A few faith and ministry questions.

Is there a theme or underline tone you want to convey to people about this project.

Mitch:  To don't look down.  When we are looking down, we are in essence looking within ourselves.  We are in essence caught up with ourselves and becoming self centered.  We may not be patting ourselves on our back, but we are completely caught up in what scares us, what brings questions to our minds, instead of looking to Jesus.

Jesus over and over and over again talks about letting go of ourselves, "dying" to ourselves.  It is not a prevailing message people grab a hold of because the word "dying" isn't very positive.  It is positive in the sense, that in letting go of more of ourselves, that makes more room to grab a hold of Jesus.  So don't look down at what belongs to us, but rather look towards Jesus.

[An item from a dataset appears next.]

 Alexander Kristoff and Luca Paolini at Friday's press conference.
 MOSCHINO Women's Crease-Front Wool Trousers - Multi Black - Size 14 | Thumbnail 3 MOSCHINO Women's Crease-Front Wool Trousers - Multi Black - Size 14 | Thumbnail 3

Do you feel Jesus more these days, maybe affirming you ministry to keep plugging away at it.

Mitch: It's been a struggle, I think so and I want to.  But as I do this more and more and the miles rack up, the wrinkles rack up, the bags under my eyes rack up, and you end up running low; but I do.  I have to remind myself that Jesus affirmation comes in ways I wouldn't expect it to. God views success differently than I do.  One way for me to detect the affirmation of Jesus is through people at concerts telling me how God touched them.  The body of Christ does wonders for me. 

Would you say you are are more accepting of His grace as you grow or has that always been a given to your soul?

Mitch: I don't know that grace is something we ever become comfortable with.  I don't know if I feel more accepting of it or not.  God bestows grace whether we accept it or not and I think often it goes unaccepted.  It is a life-long process for each one of us to realize that our acceptance of grace doesn't dictate God lavishing it out upon us, which is going to happen so we might as well open ourselves up and get use to it.

What have you learned about life and God as you continue to travel into a deeper relationship with Him.

Mitch: Things are never going to be the way I think they are going to be.  That affirmation isn't going to be how I thought it was going to be.  That success isn't going to be how I thought it was going to be.  Because I don't know what that is.  Just that we are not the sum of what we purchase, of what we have, of who we know, of what we achieved or of what we have obtained.  That we are children of God and our call is to live in the kingdom of God which is opposite of how we view things.  My goal is to each day try and do something that is opposite from my own nature to try and live in the kingdom of God.
 

Mitch, I sincerely thank you for the time you shared getting this interview processed.  The goal I set, sharing some insight into the project has been accomplished.  Getting that insight behind the album adds another dimension to it.  Sharing some of your ministry and faith beliefs creates even more thirst for the music.  My ultimate prayer is that you will continue to follow God's will.  Sharing the music, sharing the lyrics, pointing people towards Jesus.